23. Под смертью мы, что весьма характерно, понимаем исчезновение индивидов; и нас не утешают заверения, что материя не исчезает, просто с ней происходит определенная метаморфоза. Мы оплакиваем индивидуализирующую форму, а не обобщенное содержание. Но все, что мы видим, — это метафора смерти. Всякий предел, всякое измерение, всякий конец всякого пути — смерть. Даже смотреть — и то смерть: всегда есть точка, дальше которой мы видеть не можем, и там наше зрение умирает; всюду, где наступает предел наших возможностей, мы умираем.

 

24. Время — плоть и кровь смерти; смерть — не череп и не скелет, а часовой циферблат, солнце, летящее сквозь океан разреженного газа. Пока вы дочитали это предложение до конца, какая-то частица вас самого умерла.

 

25. Смерть и сама умирает. В каждый момент, который вы проживаете, она умирает. Смерть, где твое жало? где твоя победа?

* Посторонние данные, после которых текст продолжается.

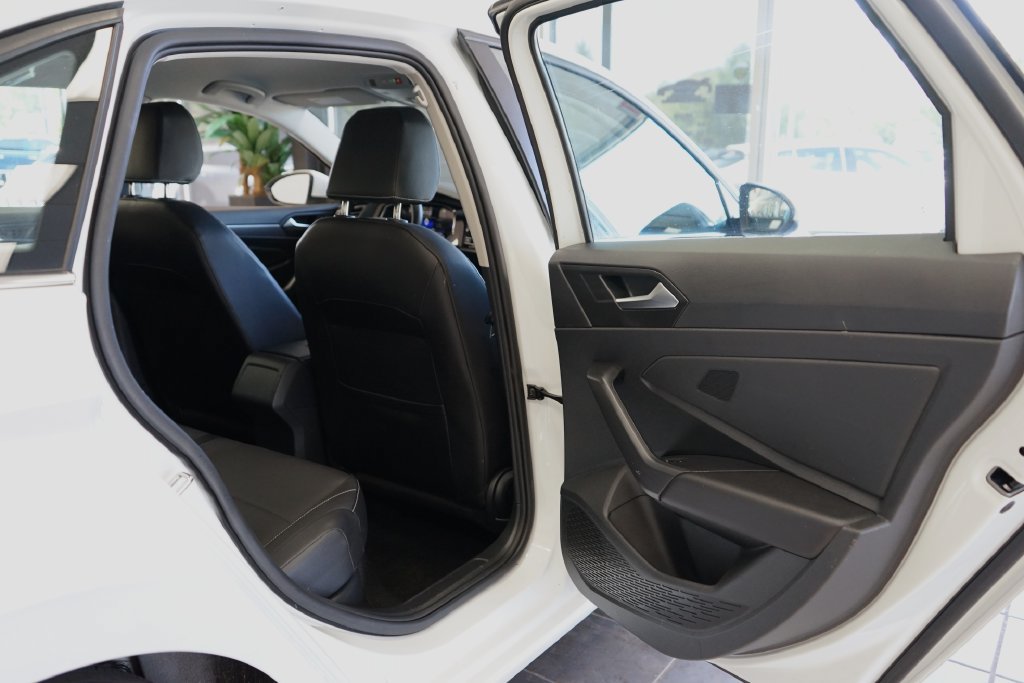 Used 2023 Volkswagen Jetta SE FWD image 44
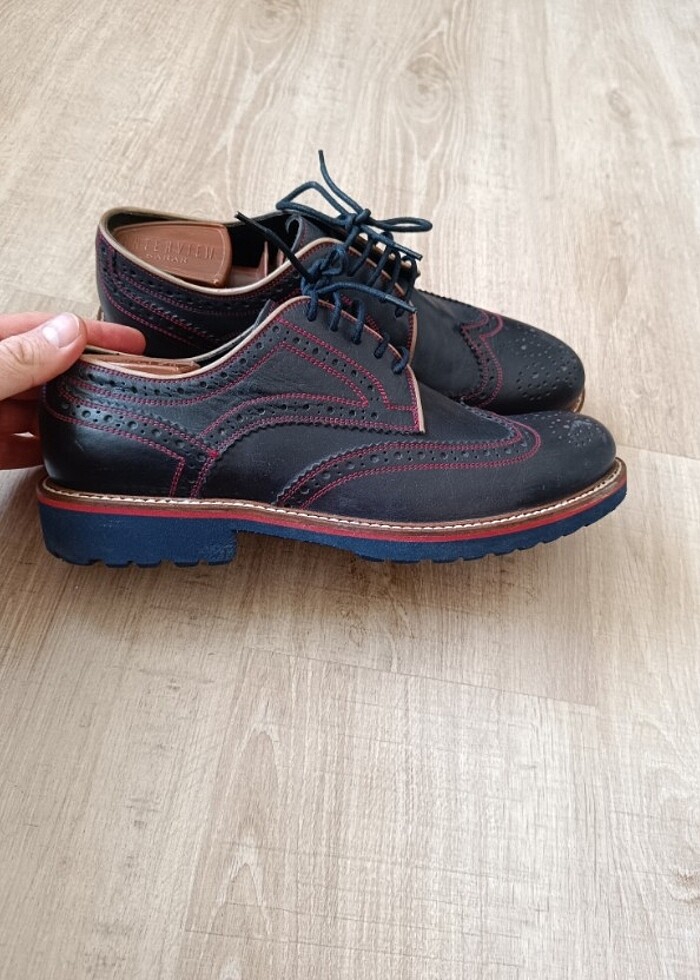 sıfır gibi orjinal Derimod Oxford gerçek deri 42 - Görsel 4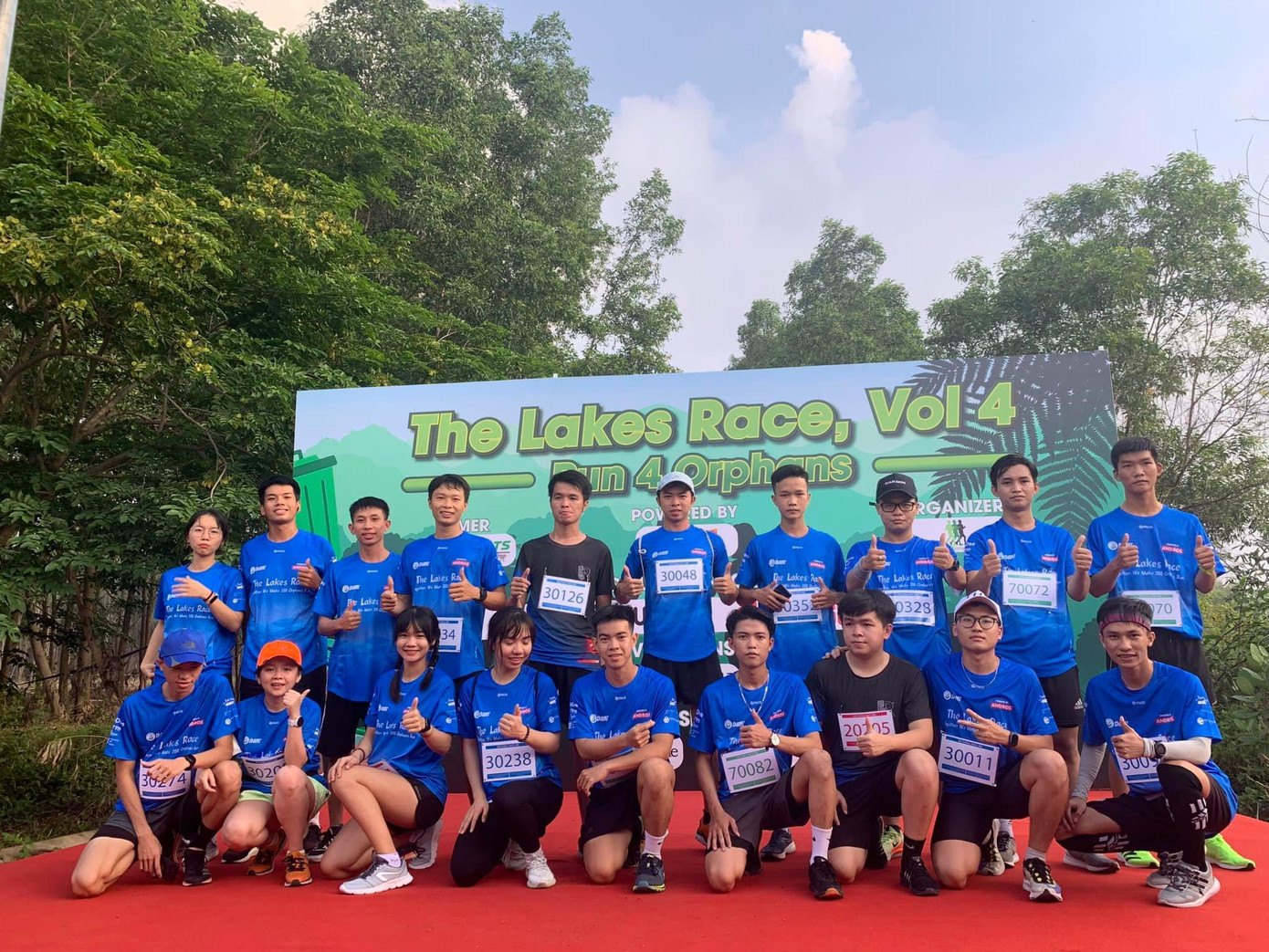 Giải chạy The Lakes Race có nhiều bạn trẻ là sinh viên tham gia. Giải chạy The Lakes Race có nhiều bạn trẻ là sinh viên tham gia.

Торжество над смертью утверждают живые, не мертвые.

 

26. Во всех странах, где уровень жизни не сводится к простому минимуму для ее поддержания, двадцатый век отмечен резким повышением интереса к жизненным удовольствиям. Дело не только в отмирании веры в загробную жизнь, но и в том, что смерть сегодня стала более реальной, более вероятной — теперь, когда есть водородная бомба.

 

27. Чем абсолютнее кажется смерть, тем подлиннее становится жизнь.

 

28. Все, что я знаю и люблю, может быть сожжено дотла за какой-то ничтожный час: Лондон, Нью-Йорк, Париж, Афины — все исчезнет в два счета. Я родился в 1926 году; но из-за того, что может сейчас произойти за десять секунд, с того года прошел не сорок один год — позади осталась целая неизмеримая эпоха, позади осталась наивность. Но я не сожалею об утраченной наивности. Я люблю жизнь не меньше, а больше.

 

29. Смерть вмещает меня в себе, как меня вмещает в себе моя кожа. Без нее я не то, что я есть. Смерть— не зловещий проем, к которому я приближаюсь; это мой путь к нему.

 

30. Поскольку я мужчина, смерть моя жена; и сейчас она обнажена, она прекрасна, она ждет, что обнажусь и я, что возлюблю ее. Это необходимость, это любовь, это бытие-для-другого, ничего больше. Я не могу уйти от этой ситуации, не могу и не желаю. Она хочет, чтобы я соединился с ней, — хочет не как убийца самцов паучиха, чтобы сожрать меня, но как любящая жена, чтобы мы сообща радовались нашей полной и взаимной симпатии, чтобы плодились и размножались. Благодаря ее воздействию на меня и моему на нее и происходит все хорошее в продолжение моего бытия. Она не проститутка, не любовница, которой я стыжусь и которую хочу поскорее забыть или притвориться время от времени, что ее не существует вовсе. Как и моя жена в реальной жизни, она одухотворяет любую важную для меня жизненную ситуацию, она целиком внутри моей жизни — не где-то за, не перед, не напротив. Я принимаю ее полностью, во всех смыслах этого слова, и я люблю и уважаю ее за то, что она для меня значит.